Strano destino, ma non unico, quello di Göbekli Tepe, scoperto per la prima volta nel 1963 e poi abbandonato per trent’anni¹³, più o meno fino al 1995, anno in cui il sito rivide la luce con un successivo passaggio dello scavo, nel 2006, alle università tedesche di Heidelberg e Karlsruhe. Si tratta di un monumentale santuario megalitico che contiene 40 pietre a forma di T del peso di 15 tonnellate e dell’altezza di circa 3 metri ciascuna. L’area venne abbandonata e ricoperta totalmente di terra intorno al IX millennio a.C.¹⁴. Non è dato sapere se l’intento fosse quello di preservarlo per tornarci in un secondo momento oppure quello di nasconderlo.
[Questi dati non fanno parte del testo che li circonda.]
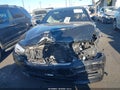 Photo 12 of 16 — 2018 BMW 5 Series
Di fatto, gli sconvolgimenti climatici di cui parleremo in questo libro si sarebbero svolti solo millecinquecento anni prima, e non escludiamo che l’esperienza di tali catastrofi possa aver influito nell’indurre la popolazione del luogo a prendere una simile decisione. Questa conoscenza, nella zona, si è tramandata oralmente di generazione in generazione, tanto che il filosofo Georges Gurdjieff, il cui padre era un ashokh (poeta) di famiglia greco-armena stanziata in Turchia, ricorda che
Vi fu un’altra leggenda che udii da mio padre sul diluvio prima del diluvio
, che dopo questo evento acquistò per me un particolare significato. In questa leggenda veniva detto, anche in versi, che molto, molto tempo fa, qualcosa come settanta generazioni prima dell’ultimo diluvio (e una generazione era contata come un centinaio di anni), quando vi era terra arida dove ora c’è acqua e acqua dove ora c’è il deserto, esisteva sulla terra una grande civiltà […]. Gli unici sopravvissuti del più antico diluvio erano membri della fratellanza dei passati Imastun (uomini sapienti), che avevano costituito un’intera casta diffusa su tutta la terra¹⁵.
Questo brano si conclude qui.